"Emile Zola, Dreyfus davasında adalet için verdiği büyük savaşı anlatırken, 'Kara güçlerin baskısı altında, onunla birlikte tüm halk acı çekiyordu. Onu kurtarmakla, şimdiye dek feda edilmiş olan tüm ezilmişleri kurtarıyorduk' diyordu. Milliyetçiliğin ve militarizmin kurban olarak seçtiği yüzbaşı Dreyfus gibi, adalet ve ezilen halkarın kurtuluşu için verilen mücadelede yaşamları, gelecekleri ve düşünceleri rehin alınan meslektaşlarımızın yokluğunda avukatlar gününü kutluyoruz. 28 Ekim ve 22 Kasım 2011 günü sabaha karşı evleri ve işyerleri basılarak, gözaltına alınan 41 meslektaşımızdan 37'si halen tutukludur. Tüm aşamaları hukuka aykırı şekilde yürütülen operasyonda, avukatların evlerinde ve işyerlerinde usulsüz aramalar yapılmış, avunma belgelerine el konulmuş, müvekkilleri ile görüşmeleri dinlenmiş ve müvekkillerine yaptıkları hukuki yardımlar suçlama olarak kendilerine yöneltilmiştir. Abdullah Öcalan'ın avukatlığını üstlenmeleri suç olarak görülmüş ve soruşturmanın temel nedenini oluşturmuştur."

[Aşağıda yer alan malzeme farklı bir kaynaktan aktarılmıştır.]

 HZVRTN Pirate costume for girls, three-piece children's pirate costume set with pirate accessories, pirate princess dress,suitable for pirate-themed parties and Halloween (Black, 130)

TUTUKLU AVUKATLARI ZİYARET EDECEĞİZ


İstanbul Barosu Başkanı Ümit Kocasakal da, şunları söyledi:


 "Savunma bu haldeyken, yani avukatın fiziksel varlığına dahi tahammül gösterilemiyorken, fiziki anlamda da, manevi anlamda da baskı ve saldırı altındayken, yargı bağımsızlığı tamamen yok edilmişken, özel görevlendirilmiş mahkemeler başka amaçlara hizmet ederken gerçekten, o anlamda kutlanacak bir şey yok. Şunu kimse unutmasın, avukat aslında yargı içinde doğrudan doğruya halkın temsilcisi. Pek çok meslektaşımız şu anda tutuklu bulunuyor. Bundan dolayı da açıkçası çok kutlanacak bir şey yok. Biz bu haftayı, 5 Nisan'ı yeme-içme haftası oalrak düşünmüyoruz. Aslında 1 Mayıs'ın bize olan yansımasıdır diye düşünüyoruz. 5 Nisan bir direniş günü ve haftası olmalıdır. Biz de bu çerçeveden baktık. Bugün ve yarın tutuklu bulunan bütün meslektaşlarımızı Baro olarak ziyaret ediyoruz. Bugün Kandıra'ya gideceğiz. Yarın da Silivri, Metris. Tabi burada hiç bir siyasi görüş ayırımı yapmaksızın bütün meslektaşlarımıza sahip çıkmak ve onlara yönelen saldırılara göğüs germek ve kınamak gerekiyor. Dolayısıyla biz de bunu yapıyoruz ve yapacağız. Böyle bir ortamda, zor şartlarda görevini yapmaya çalışan her bir avukat esasen bir hukuk savaşçısı ve kahramandır. Onlara şükranlarımızı sunuyoruz" diye konuştu.


Grup açıklamanın ardından olaysız dağıldı.